## DATA SECTION
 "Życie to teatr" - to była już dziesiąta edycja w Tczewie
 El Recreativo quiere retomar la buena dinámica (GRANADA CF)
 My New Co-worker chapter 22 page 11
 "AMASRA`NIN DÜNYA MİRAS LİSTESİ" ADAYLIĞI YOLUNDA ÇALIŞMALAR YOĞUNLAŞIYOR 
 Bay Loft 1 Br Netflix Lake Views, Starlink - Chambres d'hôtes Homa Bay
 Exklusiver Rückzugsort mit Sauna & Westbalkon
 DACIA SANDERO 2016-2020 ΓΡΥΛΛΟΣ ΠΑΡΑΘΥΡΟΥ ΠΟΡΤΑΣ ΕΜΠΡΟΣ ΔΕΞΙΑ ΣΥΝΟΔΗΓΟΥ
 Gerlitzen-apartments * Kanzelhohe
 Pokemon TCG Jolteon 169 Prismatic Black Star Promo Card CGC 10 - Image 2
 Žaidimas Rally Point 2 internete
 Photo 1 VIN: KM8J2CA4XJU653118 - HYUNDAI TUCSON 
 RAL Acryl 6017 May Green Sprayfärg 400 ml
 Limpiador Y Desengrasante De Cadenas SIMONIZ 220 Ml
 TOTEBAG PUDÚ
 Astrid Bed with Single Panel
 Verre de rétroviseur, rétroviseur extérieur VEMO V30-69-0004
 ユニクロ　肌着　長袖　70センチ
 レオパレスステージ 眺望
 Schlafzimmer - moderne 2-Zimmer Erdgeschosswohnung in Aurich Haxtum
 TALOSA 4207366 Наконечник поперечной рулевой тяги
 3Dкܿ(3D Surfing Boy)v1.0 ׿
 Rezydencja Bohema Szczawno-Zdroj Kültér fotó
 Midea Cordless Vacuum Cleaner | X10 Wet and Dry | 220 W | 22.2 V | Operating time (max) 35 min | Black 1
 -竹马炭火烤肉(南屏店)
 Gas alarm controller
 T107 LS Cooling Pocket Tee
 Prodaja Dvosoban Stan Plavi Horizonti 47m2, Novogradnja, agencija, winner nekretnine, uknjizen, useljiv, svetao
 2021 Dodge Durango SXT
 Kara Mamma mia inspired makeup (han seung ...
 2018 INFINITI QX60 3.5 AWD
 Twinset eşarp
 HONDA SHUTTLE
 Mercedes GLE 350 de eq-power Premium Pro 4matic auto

## PROBLEM STATEMENT
Only the lines above starting with the one with "El Recreativo quiere" and going through the one with "Pokemon TCG Jolteon" are to be copied, word for word and with both ends kept.

## COMPLETED TASK
 El Recreativo quiere retomar la buena dinámica (GRANADA CF)
 My New Co-worker chapter 22 page 11
 "AMASRA`NIN DÜNYA MİRAS LİSTESİ" ADAYLIĞI YOLUNDA ÇALIŞMALAR YOĞUNLAŞIYOR 
 Bay Loft 1 Br Netflix Lake Views, Starlink - Chambres d'hôtes Homa Bay
 Exklusiver Rückzugsort mit Sauna & Westbalkon
 DACIA SANDERO 2016-2020 ΓΡΥΛΛΟΣ ΠΑΡΑΘΥΡΟΥ ΠΟΡΤΑΣ ΕΜΠΡΟΣ ΔΕΞΙΑ ΣΥΝΟΔΗΓΟΥ
 Gerlitzen-apartments * Kanzelhohe
 Pokemon TCG Jolteon 169 Prismatic Black Star Promo Card CGC 10 - Image 2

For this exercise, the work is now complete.